## [Task description]
Please keep the images out and set down the data exactly as given.

## [The data]
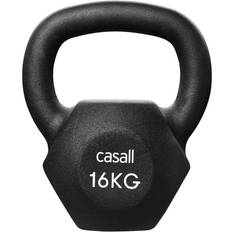 Casall Classic Kettlebell 16kg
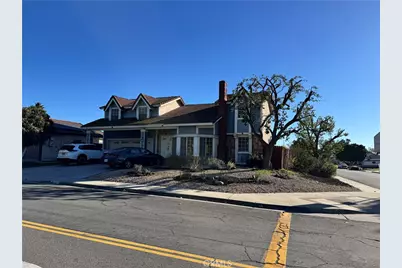 13931 Shadow, Fontana, CA 92337 - Photo 1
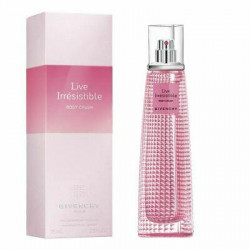 givenchy-live-irresistible-rosy-crush-parfyum-za-jeni-edp-6538032759.jpg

## [Reply to the task]
 Casall Classic Kettlebell 16kg
 13931 Shadow, Fontana, CA 92337 - Photo 1
 givenchy-live-irresistible-rosy-crush-parfyum-za-jeni-edp-6538032759.jpg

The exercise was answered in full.